Yesterday was just such a day. Long before the explosions in Brussels were confirmed as terrorist attacks, before even the explosions had stopped, voices (here) popped up on the Leave side, making the link between the threat and the EU. By the end of the day, Allison Pearson had worked it up into a more extended piece.

The temptation is to spend the rest of the article fighting the logic behind such views, a logic which strikes me all the move forceably as I write this 100 metres from the Grand Hotel in Brighton, scene of the 1984 IRA bomb attack on the Tory party conference. If I followed Pearson’s argument, we should have stopped free movement between Northern Ireland and the rest of the UK, and indeed have had the three nations leave the UK, because Northern Ireland was the centre of terrorist activity.

However, all of this is to miss the point.

The point is to make the connection in people’s minds, whether it’s justified or not. For many people in the UK, if they hear about ‘Brussels’ then it’s as the seat of the EU institutions, rather than as the capital of Belgium. Cameron’s preferred frame for campaigning in the referendum, about the security of membership  further makes the connection, even if he means it in a much more nebulous fashion than simply hard security. Given all this, it’s not such a push to say “the EU’s supposed to make us safer, yet fails to protect its own on its own doorstep.” That the EU has no real competence to run or enforce such policies is neither here nor there.

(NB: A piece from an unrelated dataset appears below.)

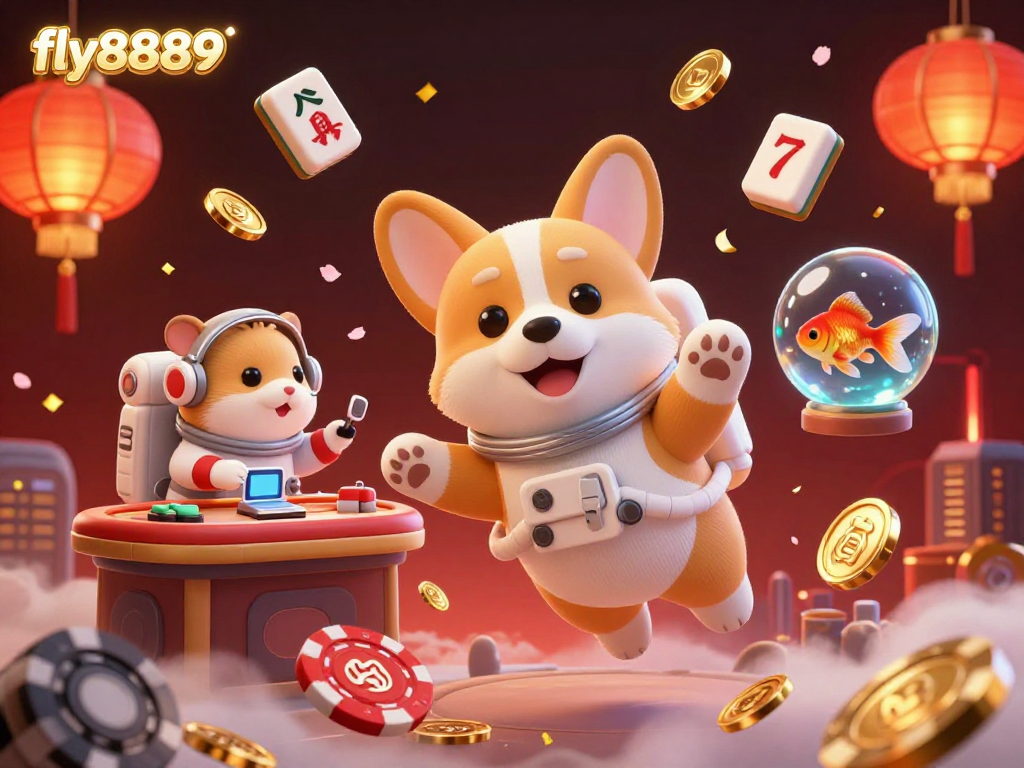 Engage in the thrilling action at fly8889 with a vibrant floating casino scene featuring a 3D corgi and dynamic gambling elements.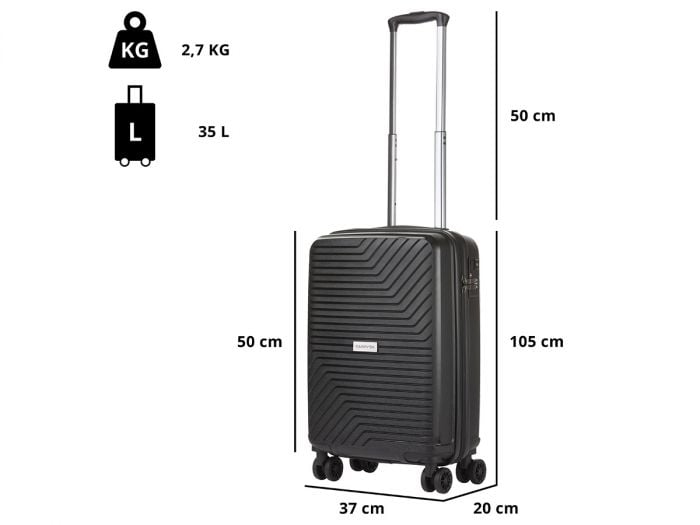 dronken Kwade trouw combinatie CarryOn Transport 55 cm handbagage koffer met USB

This is the first major attack since the referendum date was called, but it gives a taste of what else is to come. Our shock and disgust at what has happened is a key part of modern political life: Our need for instantaneous response and redress clashes with the practice of limited governance.

The Brighton bomb should remind us that counter-terrorism is a long, slow and very difficult process, even when you have all the resources of a state behind it. As numerous other countries around the world can all too sadly testify, that still holds true today. And that global pattern should also underline that the EU is not the dependent variable, is not the cause of all this. As Politico notes this morning, the failings of Belgian security coordination look much more obviously to be the issue, and major change most now be coming down the line.

But to return to the issue, we might usefully keep in mind the critical faculties we apply in more normal times. Terrorism aims precisely to achieve effects through the reaction to acts of violence, rather than through those acts themselves. Hysteria does nothing but advance their agenda and that’s good for neither side in this referendum.